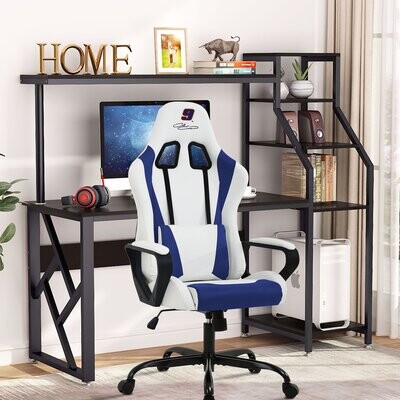 High Back Ergonomic Rotating PC Computer Gaming Gaming Chair with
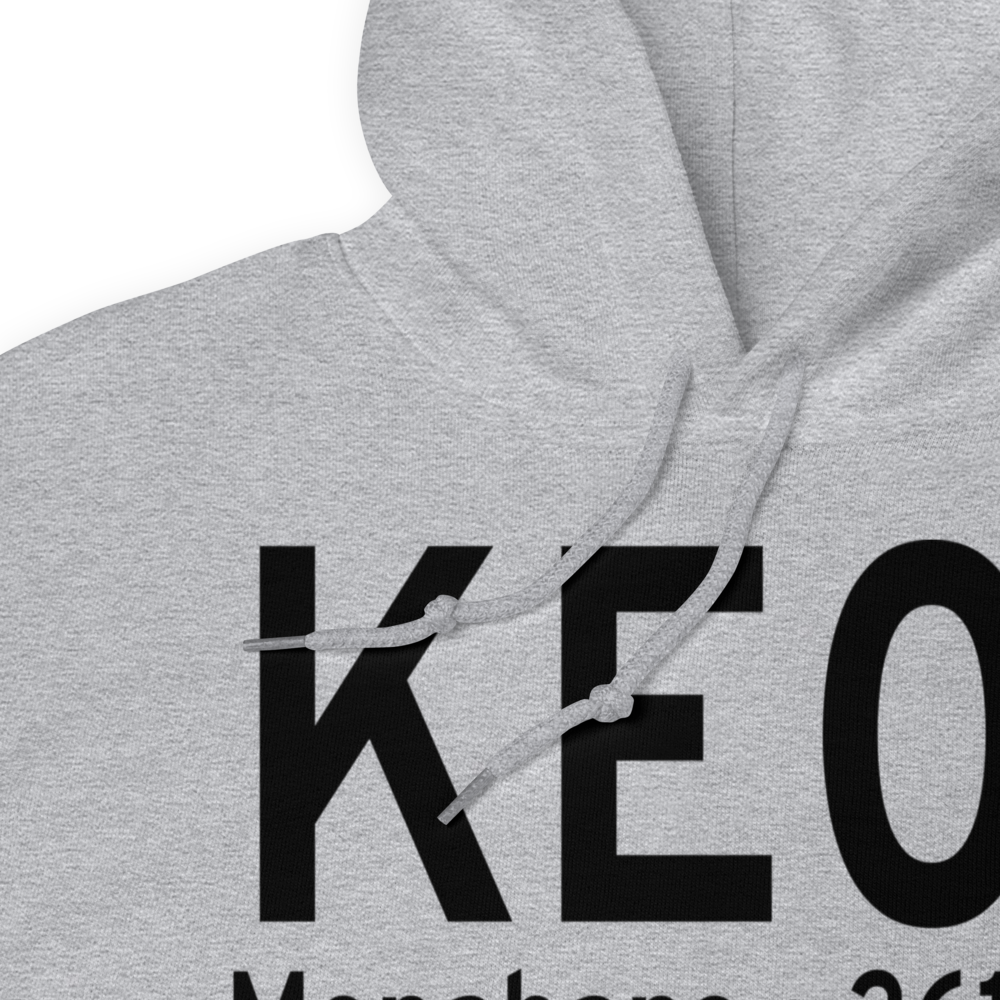Roy Hurd Memorial Airport (KE01) ICAO Hoodie Sweatshirt 
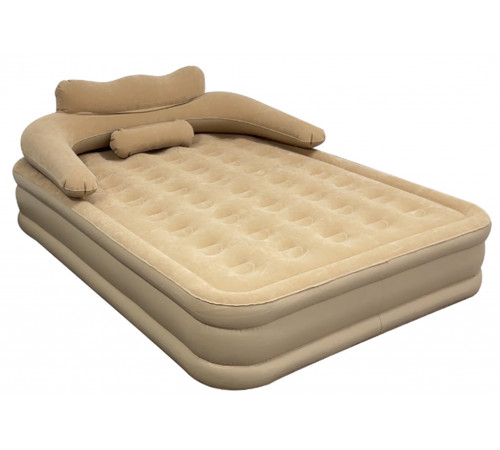 НЕТУ Надувной матрац (JR-5065) (205*182*75см) (Насос аккум с Type-C) // [403] (1 шт/ящ)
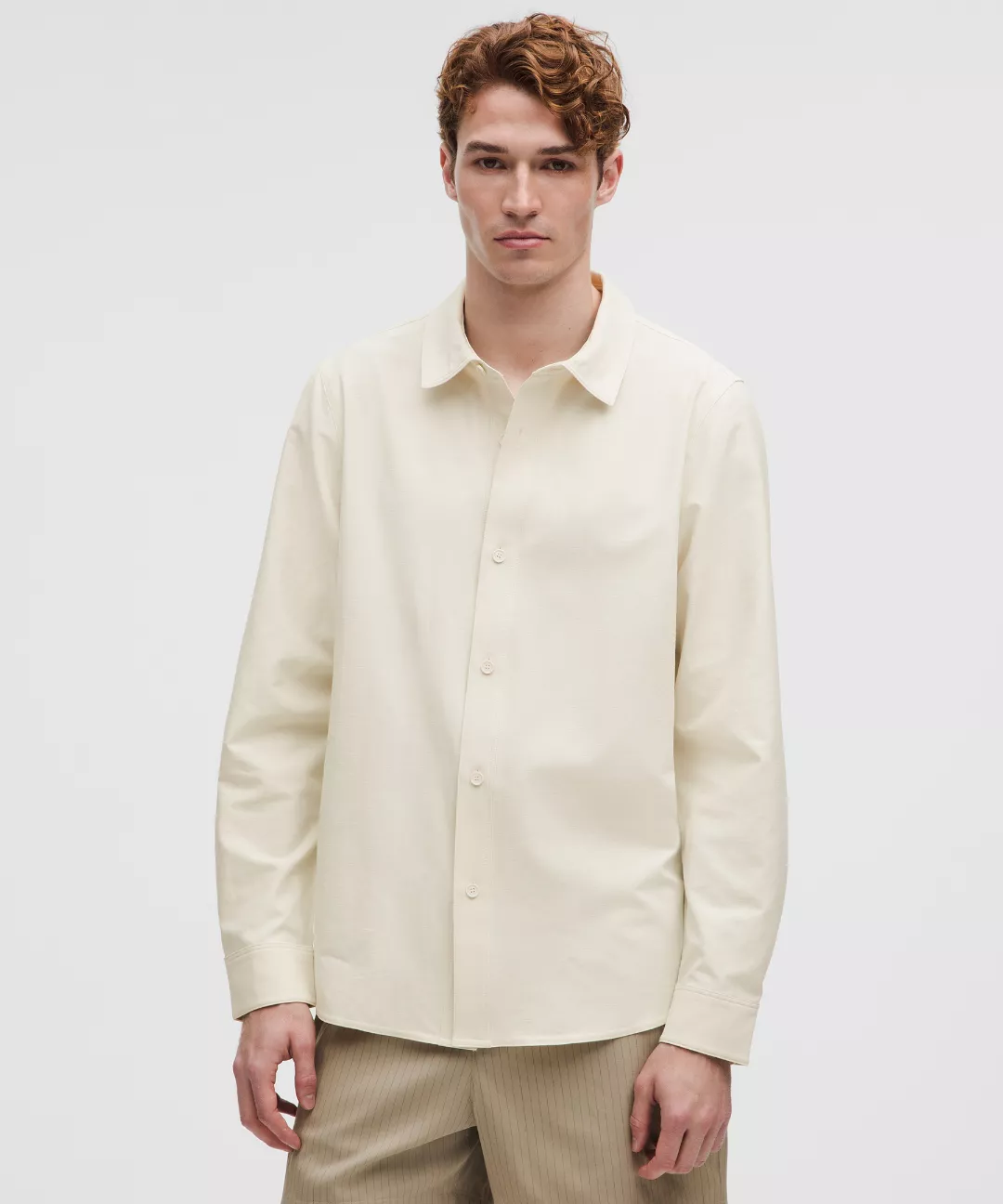 LuluLinen Long-Sleeve Shirt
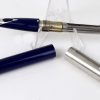 Sheaffer Vintage imperial 440 Navy barrel fountain pen - inlaid steel F nib - Image 3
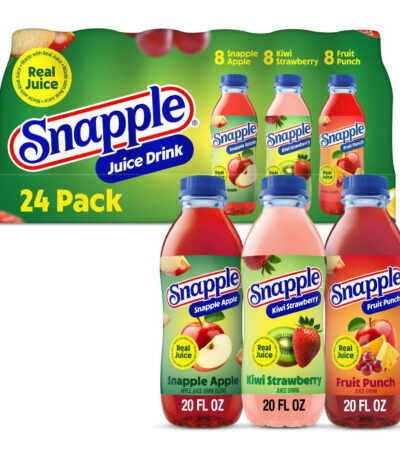Snapple Juice Drink 20 oz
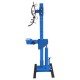 Coil spring compressing station, 1t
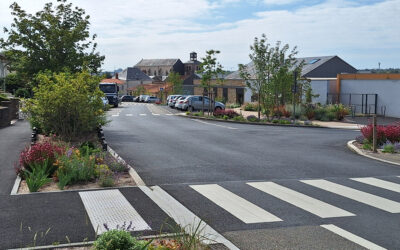 Aménagement de la rue de la Garenne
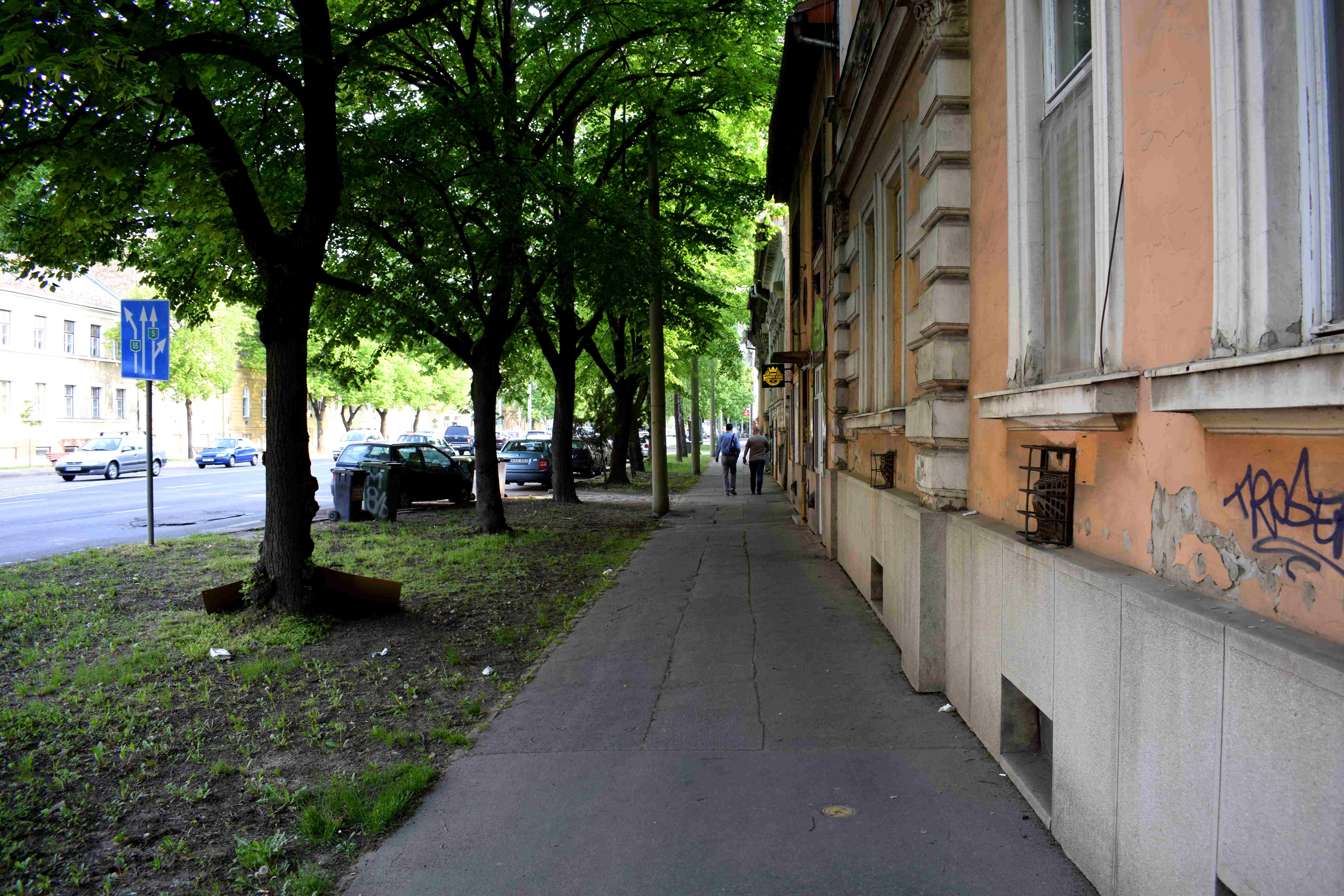 Szeged, Hungary Streets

Work instruction:
Find the line containing "Aménagement de la rue de la Garenne", then extract it and every line after it to the end of the data above, exactly and nothing else, without pictures.

Final answer:
 Aménagement de la rue de la Garenne
 Szeged, Hungary Streets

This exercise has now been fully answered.